“I got some not so good news,” Sister Rita says. She returns to Nigeria today after a summer in the U.S. “Several weeks ago Boko Haram threatened to target southern Kaduna State and last week they drove up in two cars to a small police station in one of the villages south of where we work and sprayed it with bullets, killing three of the four police stationed there. The only one who survived is the wife of one of my former drivers, and she has 7 bullet wounds. She’s in surgery today.”
“Did they catch who did it?”
“It was some men from Kano State. They fled into the hills and the villagers tracked them down. They butchered one of the men, put his body parts into a bag, and took it down and turned it in to the CGI, the security forces. Some they burned. Some they turned over alive. They were making a statement, this is what you’ll get if you do it again.”
“I guess that would serve as a deterrent.”
“But it never is. One violent act precipitates a retaliatory act. It only escalates. It’s interesting. I have a workshop in the villages with the youth two weeks after I get back, peacemaking and conflict resolution.”
“Are you going to discuss what happened?”
“It’s not a matter of discussing it. I can talk about it. I just can’t say, what you did is wrong. If I did, I’d lose them in a second.”
“It’s a little ironic that when we need peacemaking most is when it’s impossible to talk about.”

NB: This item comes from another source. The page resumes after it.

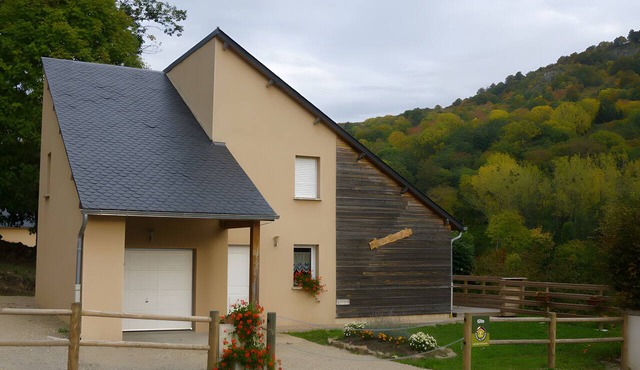 Gîte de Sibe Long - Chalet Rental on the Aubrac Plateau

“It’s a habit of thought, a process. Not a sudden conversion. That’s what we’re trying to create. Look at your own country. All gung ho to bomb Syria. When there’s no proof Assad used chemical weapons. Assad is not a stupid man. Why would he risk that kind of retaliation? It’s a set-up.”
On the radio I hear a snippet of Kerry’s speech, our country’s resolve, blah blah. Pull up a ship and blast a few cruise missiles. That’s credibility for you.
Blessed are the peacemakers whistling in the wind.